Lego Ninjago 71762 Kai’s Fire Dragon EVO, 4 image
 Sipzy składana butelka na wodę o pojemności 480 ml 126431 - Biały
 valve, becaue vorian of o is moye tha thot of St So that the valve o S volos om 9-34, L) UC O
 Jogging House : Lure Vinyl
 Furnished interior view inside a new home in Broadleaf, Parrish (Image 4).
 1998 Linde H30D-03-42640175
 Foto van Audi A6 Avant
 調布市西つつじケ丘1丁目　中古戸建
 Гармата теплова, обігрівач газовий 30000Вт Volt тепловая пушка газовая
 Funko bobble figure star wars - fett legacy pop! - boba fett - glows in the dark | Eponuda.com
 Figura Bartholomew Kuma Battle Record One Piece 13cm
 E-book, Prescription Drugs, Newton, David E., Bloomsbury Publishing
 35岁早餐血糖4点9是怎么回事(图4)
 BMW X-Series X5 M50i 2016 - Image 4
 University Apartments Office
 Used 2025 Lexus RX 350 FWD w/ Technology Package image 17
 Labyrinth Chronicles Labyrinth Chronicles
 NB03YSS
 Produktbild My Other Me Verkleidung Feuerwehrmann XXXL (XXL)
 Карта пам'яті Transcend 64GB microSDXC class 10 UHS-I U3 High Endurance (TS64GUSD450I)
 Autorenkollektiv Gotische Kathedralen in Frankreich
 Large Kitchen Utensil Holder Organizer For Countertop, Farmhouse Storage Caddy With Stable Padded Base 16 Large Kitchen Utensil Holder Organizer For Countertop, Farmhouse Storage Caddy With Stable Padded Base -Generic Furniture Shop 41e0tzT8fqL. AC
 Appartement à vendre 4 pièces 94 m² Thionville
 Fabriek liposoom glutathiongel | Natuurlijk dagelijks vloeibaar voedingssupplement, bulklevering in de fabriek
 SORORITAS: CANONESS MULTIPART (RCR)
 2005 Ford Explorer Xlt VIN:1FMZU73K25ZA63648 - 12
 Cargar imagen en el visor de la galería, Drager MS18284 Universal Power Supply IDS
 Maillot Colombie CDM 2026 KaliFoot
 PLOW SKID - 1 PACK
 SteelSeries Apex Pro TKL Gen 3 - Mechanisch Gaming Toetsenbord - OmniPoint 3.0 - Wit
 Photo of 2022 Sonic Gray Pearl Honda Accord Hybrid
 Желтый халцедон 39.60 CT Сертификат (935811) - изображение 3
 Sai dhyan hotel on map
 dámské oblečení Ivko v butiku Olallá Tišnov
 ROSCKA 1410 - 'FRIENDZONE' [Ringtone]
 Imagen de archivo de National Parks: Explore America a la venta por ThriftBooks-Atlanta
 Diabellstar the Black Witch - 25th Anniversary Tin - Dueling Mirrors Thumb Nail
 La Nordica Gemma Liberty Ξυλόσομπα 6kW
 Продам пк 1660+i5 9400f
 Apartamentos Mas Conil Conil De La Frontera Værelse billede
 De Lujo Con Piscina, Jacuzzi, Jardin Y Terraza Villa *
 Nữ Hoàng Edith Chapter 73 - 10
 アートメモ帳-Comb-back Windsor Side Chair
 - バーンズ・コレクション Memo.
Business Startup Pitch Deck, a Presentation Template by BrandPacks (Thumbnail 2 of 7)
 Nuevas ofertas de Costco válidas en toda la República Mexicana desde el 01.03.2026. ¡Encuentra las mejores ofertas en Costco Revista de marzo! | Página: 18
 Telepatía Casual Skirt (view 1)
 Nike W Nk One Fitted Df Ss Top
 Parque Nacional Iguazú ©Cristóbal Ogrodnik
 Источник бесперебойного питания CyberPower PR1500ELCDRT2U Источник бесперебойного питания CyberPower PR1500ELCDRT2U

EXERCISE: In the listing above, find the line containing "Furnished interior view" and the line containing "35岁早餐血糖4点9是怎么回事(图4)", then quote both, plus every line between them, exactly as written.

RESPONSE TO THE EXERCISE:
 Furnished interior view inside a new home in Broadleaf, Parrish (Image 4).
 1998 Linde H30D-03-42640175
 Foto van Audi A6 Avant
 調布市西つつじケ丘1丁目　中古戸建
 Гармата теплова, обігрівач газовий 30000Вт Volt тепловая пушка газовая
 Funko bobble figure star wars - fett legacy pop! - boba fett - glows in the dark | Eponuda.com
 Figura Bartholomew Kuma Battle Record One Piece 13cm
 E-book, Prescription Drugs, Newton, David E., Bloomsbury Publishing
 35岁早餐血糖4点9是怎么回事(图4)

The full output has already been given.